**Task brief**
Repeat the data exactly, please; no pictures belong in the copy.

===== Data segment =====

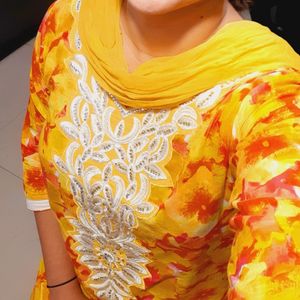 Embroidered Yellow Cotton Kurti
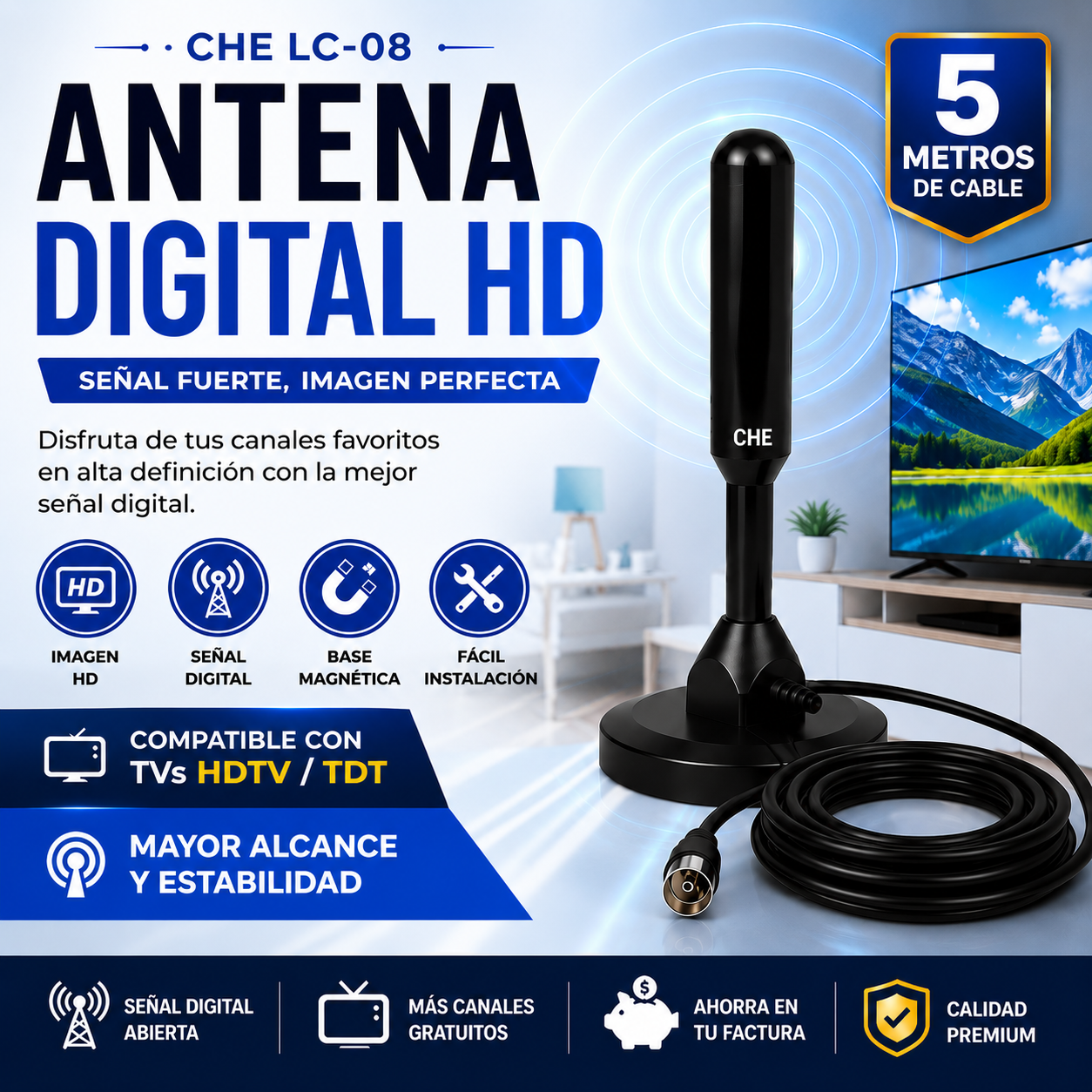 Antena Digital HD para TV| Pro™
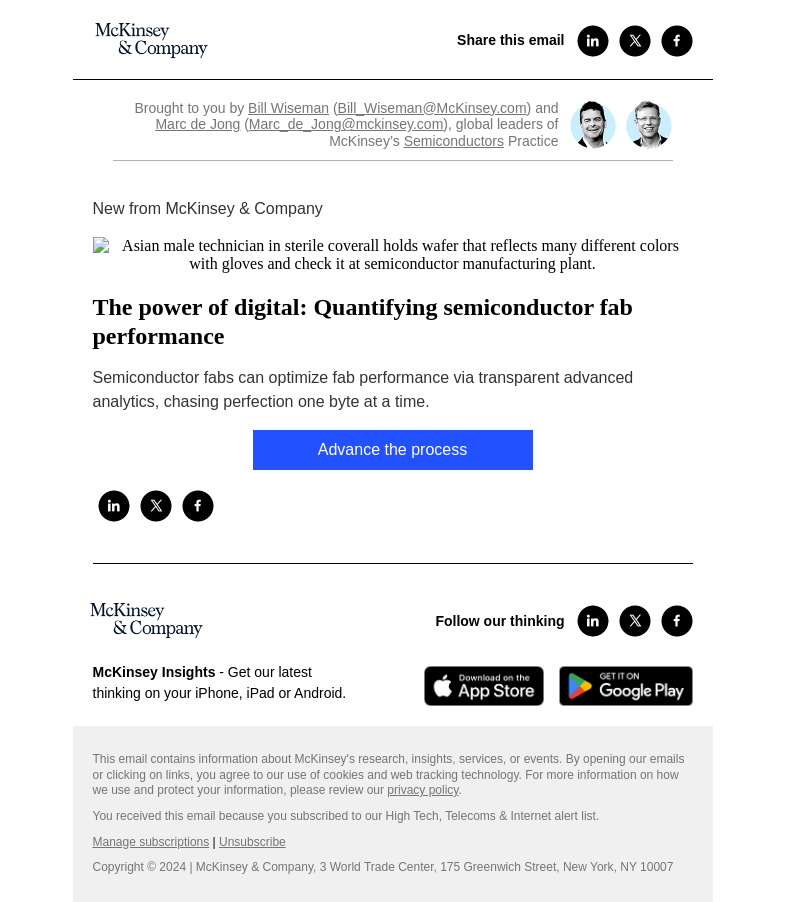 Письмо компании «McKinsey & Company» на тему «The power of digital: Quantifying semiconductor fab performance»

=====

**Solution**
 Embroidered Yellow Cotton Kurti
 Antena Digital HD para TV| Pro™
 Письмо компании «McKinsey & Company» на тему «The power of digital: Quantifying semiconductor fab performance»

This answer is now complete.